- _Exercise objective_:
Where the data below begins, start duplicating lines exactly, and finish with the line containing "Another thing we"; add nothing else. Leave the pictures out.

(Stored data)
------------------------------
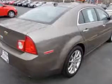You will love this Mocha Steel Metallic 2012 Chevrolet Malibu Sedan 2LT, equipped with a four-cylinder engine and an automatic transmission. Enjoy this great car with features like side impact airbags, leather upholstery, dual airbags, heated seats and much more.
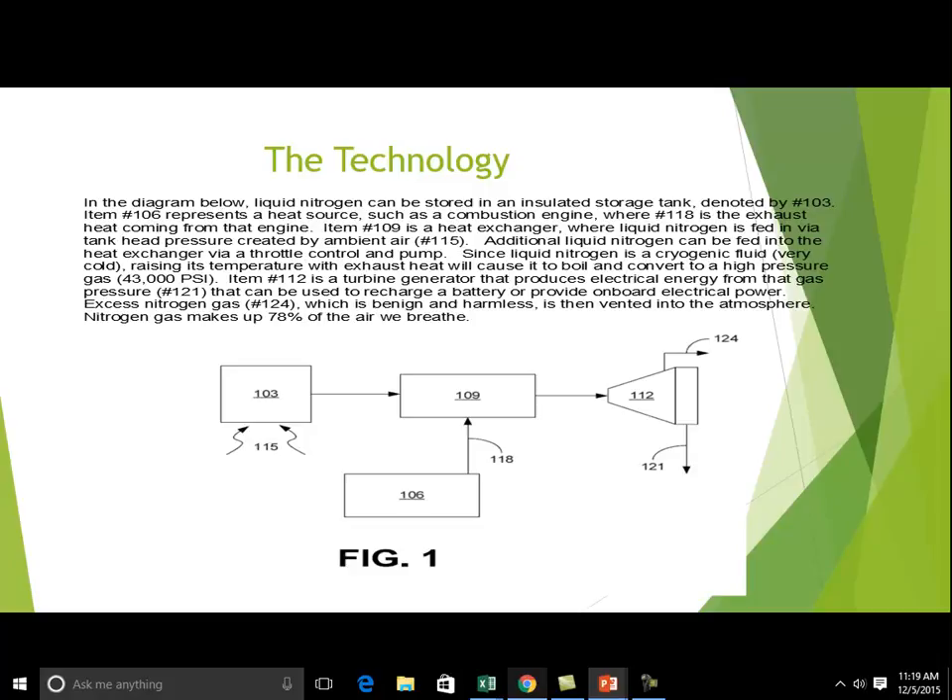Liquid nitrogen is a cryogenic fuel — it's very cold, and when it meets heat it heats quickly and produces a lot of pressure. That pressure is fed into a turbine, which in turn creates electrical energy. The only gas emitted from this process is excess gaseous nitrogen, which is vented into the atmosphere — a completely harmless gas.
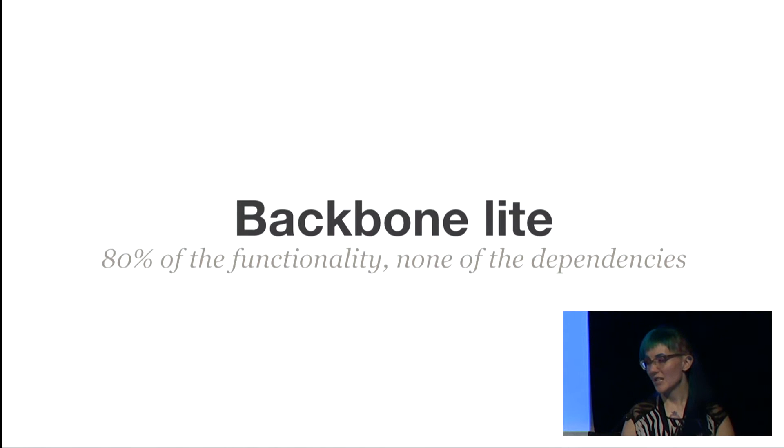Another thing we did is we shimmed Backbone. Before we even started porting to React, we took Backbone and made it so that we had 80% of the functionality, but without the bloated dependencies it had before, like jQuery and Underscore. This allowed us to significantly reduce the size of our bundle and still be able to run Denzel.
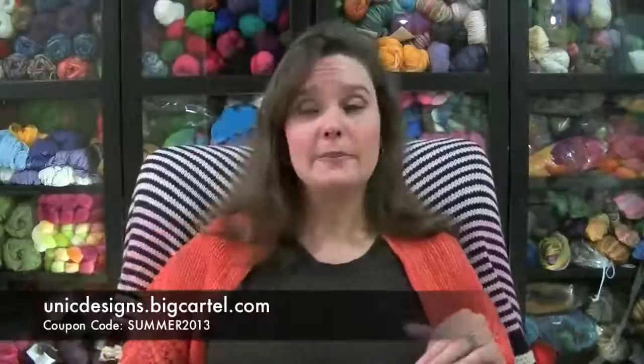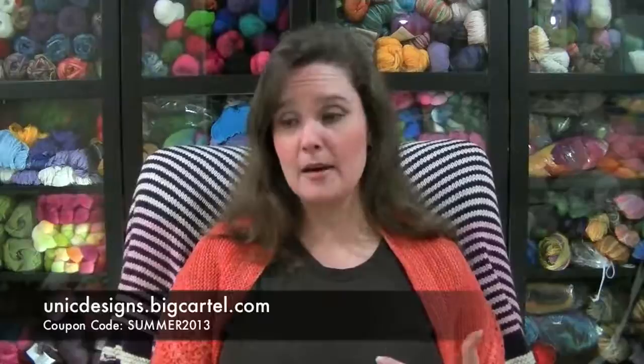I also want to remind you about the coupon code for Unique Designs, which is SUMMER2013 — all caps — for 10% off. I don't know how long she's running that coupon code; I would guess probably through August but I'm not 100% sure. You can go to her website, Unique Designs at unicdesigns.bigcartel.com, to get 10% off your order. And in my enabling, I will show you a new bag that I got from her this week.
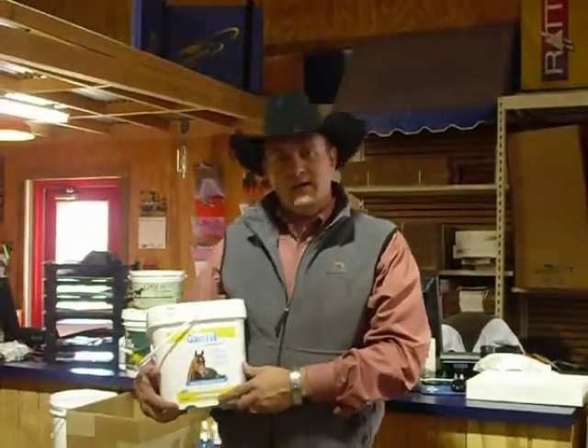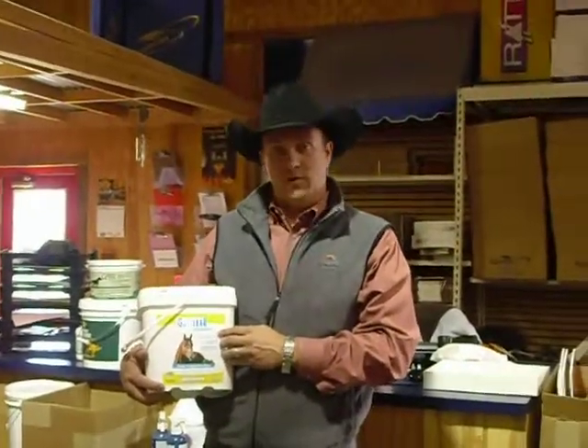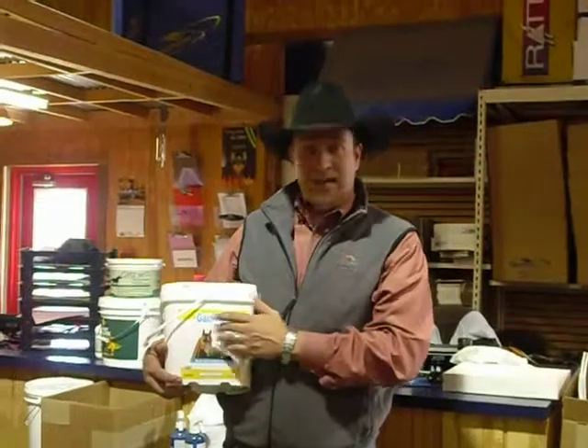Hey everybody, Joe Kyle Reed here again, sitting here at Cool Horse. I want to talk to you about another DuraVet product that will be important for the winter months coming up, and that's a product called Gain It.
------------------------------
- _Response to this task_:
You will love this Mocha Steel Metallic 2012 Chevrolet Malibu Sedan 2LT, equipped with a four-cylinder engine and an automatic transmission. Enjoy this great car with features like side impact airbags, leather upholstery, dual airbags, heated seats and much more.
Liquid nitrogen is a cryogenic fuel — it's very cold, and when it meets heat it heats quickly and produces a lot of pressure. That pressure is fed into a turbine, which in turn creates electrical energy. The only gas emitted from this process is excess gaseous nitrogen, which is vented into the atmosphere — a completely harmless gas.
Another thing we did is we shimmed Backbone. Before we even started porting to React, we took Backbone and made it so that we had 80% of the functionality, but without the bloated dependencies it had before, like jQuery and Underscore. This allowed us to significantly reduce the size of our bundle and still be able to run Denzel.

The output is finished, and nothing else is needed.